(Extracted data begins)

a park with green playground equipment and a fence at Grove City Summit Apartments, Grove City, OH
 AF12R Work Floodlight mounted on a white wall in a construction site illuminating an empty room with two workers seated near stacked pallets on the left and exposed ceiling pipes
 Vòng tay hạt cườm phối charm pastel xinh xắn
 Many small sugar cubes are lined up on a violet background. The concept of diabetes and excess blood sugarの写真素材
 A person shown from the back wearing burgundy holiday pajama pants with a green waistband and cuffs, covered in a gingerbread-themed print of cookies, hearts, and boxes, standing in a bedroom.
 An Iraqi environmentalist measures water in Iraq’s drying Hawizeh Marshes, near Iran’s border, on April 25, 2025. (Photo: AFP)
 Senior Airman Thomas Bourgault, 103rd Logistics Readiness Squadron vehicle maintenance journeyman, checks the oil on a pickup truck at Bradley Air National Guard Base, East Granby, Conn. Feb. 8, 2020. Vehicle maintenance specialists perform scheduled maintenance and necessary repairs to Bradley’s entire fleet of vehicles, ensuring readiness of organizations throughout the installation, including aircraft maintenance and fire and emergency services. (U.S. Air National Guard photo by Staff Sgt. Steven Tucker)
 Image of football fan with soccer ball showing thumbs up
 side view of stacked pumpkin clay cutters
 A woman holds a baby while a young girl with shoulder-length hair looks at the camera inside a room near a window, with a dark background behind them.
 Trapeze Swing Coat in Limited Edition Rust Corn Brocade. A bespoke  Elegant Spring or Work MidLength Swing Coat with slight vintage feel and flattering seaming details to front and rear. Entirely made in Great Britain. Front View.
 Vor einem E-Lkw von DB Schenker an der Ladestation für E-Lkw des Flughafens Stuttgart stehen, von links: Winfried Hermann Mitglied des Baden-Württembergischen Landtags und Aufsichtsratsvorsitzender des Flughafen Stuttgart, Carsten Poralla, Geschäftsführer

(Extracted data ends)

*Work request*: So that nothing is lost, retype every entry in the listing above exactly.

*Response to the task*:
a park with green playground equipment and a fence at Grove City Summit Apartments, Grove City, OH
 AF12R Work Floodlight mounted on a white wall in a construction site illuminating an empty room with two workers seated near stacked pallets on the left and exposed ceiling pipes
 Vòng tay hạt cườm phối charm pastel xinh xắn
 Many small sugar cubes are lined up on a violet background. The concept of diabetes and excess blood sugarの写真素材
 A person shown from the back wearing burgundy holiday pajama pants with a green waistband and cuffs, covered in a gingerbread-themed print of cookies, hearts, and boxes, standing in a bedroom.
 An Iraqi environmentalist measures water in Iraq’s drying Hawizeh Marshes, near Iran’s border, on April 25, 2025. (Photo: AFP)
 Senior Airman Thomas Bourgault, 103rd Logistics Readiness Squadron vehicle maintenance journeyman, checks the oil on a pickup truck at Bradley Air National Guard Base, East Granby, Conn. Feb. 8, 2020. Vehicle maintenance specialists perform scheduled maintenance and necessary repairs to Bradley’s entire fleet of vehicles, ensuring readiness of organizations throughout the installation, including aircraft maintenance and fire and emergency services. (U.S. Air National Guard photo by Staff Sgt. Steven Tucker)
 Image of football fan with soccer ball showing thumbs up
 side view of stacked pumpkin clay cutters
 A woman holds a baby while a young girl with shoulder-length hair looks at the camera inside a room near a window, with a dark background behind them.
 Trapeze Swing Coat in Limited Edition Rust Corn Brocade. A bespoke  Elegant Spring or Work MidLength Swing Coat with slight vintage feel and flattering seaming details to front and rear. Entirely made in Great Britain. Front View.
 Vor einem E-Lkw von DB Schenker an der Ladestation für E-Lkw des Flughafens Stuttgart stehen, von links: Winfried Hermann Mitglied des Baden-Württembergischen Landtags und Aufsichtsratsvorsitzender des Flughafen Stuttgart, Carsten Poralla, Geschäftsführer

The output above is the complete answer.